1. La représentation standard d'un marché et la règle du "côté court"

L'approche standard de la représentation des marchés en économie, qui est celle des économistes dits "néoclassiques", appuie l'essentiel de ses raisonnements sur une représentation graphique de ce qu’est un marché. Il s’agit d’une représentation stylisée et abstraite qui simplifie le réel afin d'en réduire la complexité pour se concentrer sur les éléments essentiels permettant de faire apparaître les mécanismes simples et basiques de fonctionnement du marché. Concrètement, la représentation standard du marché d'un produit quelconque synthétise les comportements de l'ensemble des demandeurs (consommateurs) grâce à une droite de demande globale du produit et elle synthétise les comportements de l'ensemble des offreurs (producteurs) grâce à une droite d'offre globale du produit. Ces deux droites représentées simultanément sur un même graphique symbolisant la rencontre des offreurs et des demandeurs relient des quantités offertes ou demandées à différents niveaux de prix. Par convention, les quantités sont représentées en abscisses et les prix le sont en ordonnées.

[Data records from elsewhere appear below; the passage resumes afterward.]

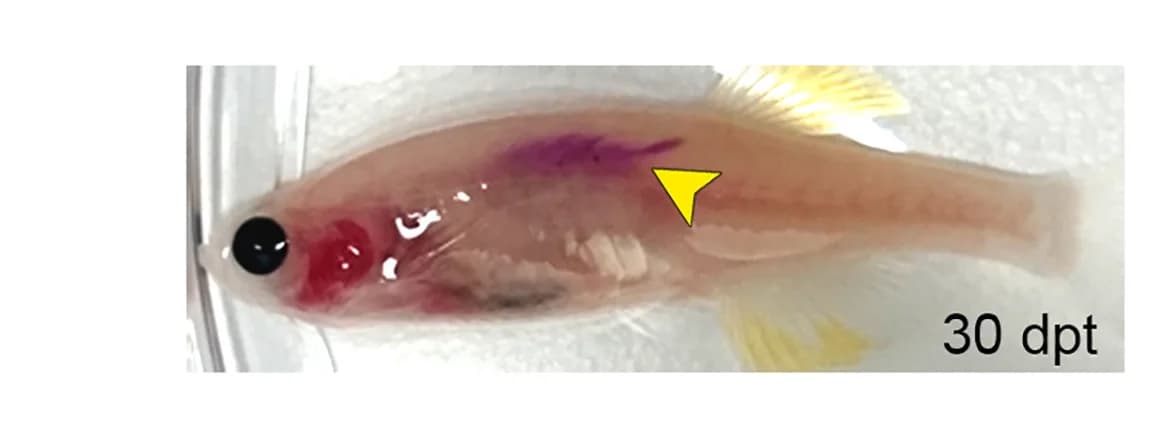 Open access visualization of Photo, Muscle-Specific Cells, Mylz2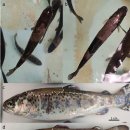 미동정 Flavobacterium균에 의한 무지개송어의 아급성 피부 부식병 이미지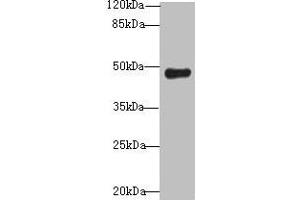 Western blot All lanes: RNF128 antibody at 12 μg/mL + Mouse liver tissue Secondary Goat polyclonal to rabbit IgG at 1/10000 dilution Predicted band size: 47, 45 kDa Observed band size: 47 kDa (RNF128 Antikörper  (AA 229-400))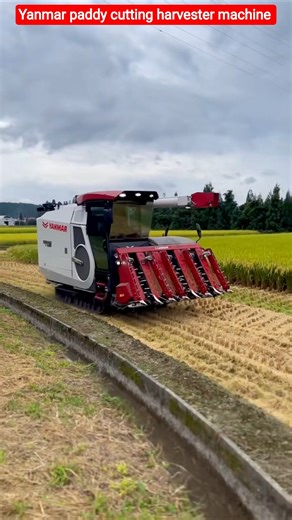 Yanmar paddy cutting harvester machine 🌾 #shorts #trendingshorts #viralshorts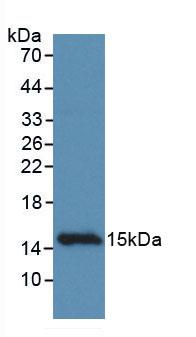 Monoclonal Antibody to Coiled Coil Domain Containing Protein 60 (CCDC60)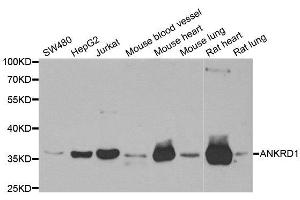 Western Blotting (WB) image for anti-Ankyrin Repeat Domain 1 (Cardiac Muscle) (ANKRD1) antibody (ABIN1980271) (ANKRD1 antibody)
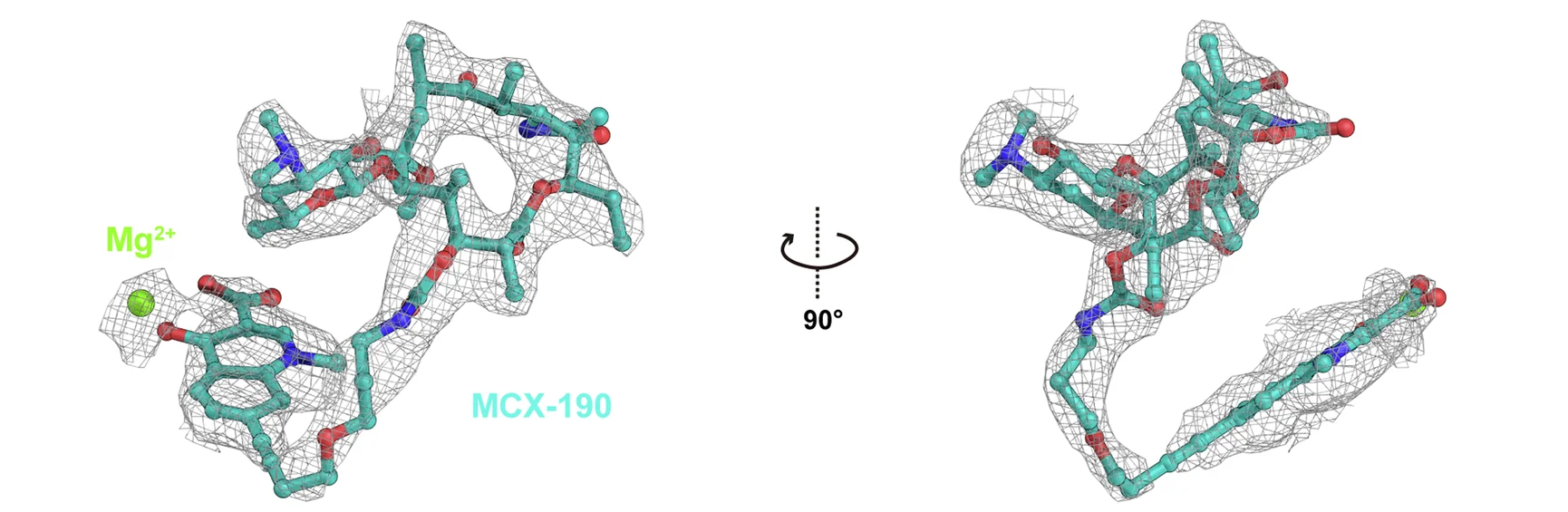 Open access visualization of Protein Structure, Chemical Structure, MCX-190, Magnesium Ion, Ribosome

Nous voyons immédiatement qu'un point particulier se dégage : le point d'intersection entre les droites d'offre et de demande. Ce point constitue dans l'approche standard la « meilleure situation possible » pour le marché : c’est le point où l’offre est égale à la demande et pour lequel le maximum d'échanges se réalisent. En effet, si le prix du produit s'établit à une autre valeur que celle correspondant à l'intersection des deux fonctions (au-dessus ou en dessous du prix considéré), on obtient les deux situations suivantes :

Si le prix p1 est supérieur à p*, le prix correspondant à l'intersection des fonctions d'offre et de demande, alors la quantité demandée est égale à QD1 (faible demande car prix élevé) et la quantité offerte est égale à QO1 (quantité offerte élevée car prix élevé) . On constate ainsi que les quantités offertes du produit sont supérieures aux quantités demandées. En termes d’échanges réalisés, cela veut dire que la demande va contraindre l’offre : c’est ce qu'on appelle le « côté court » du marché qui s’impose. On ne peut en effet pas obliger les consommateurs à acheter plus du produit qu'ils ne le souhaitent à ce prix élevé. Les échanges réalisés correspondront donc à ce prix à une quantité QD1 qui est, comme on le voit sur le graphique, une quantité inférieure à celle qui s'échangerait au prix d'équilibre p*.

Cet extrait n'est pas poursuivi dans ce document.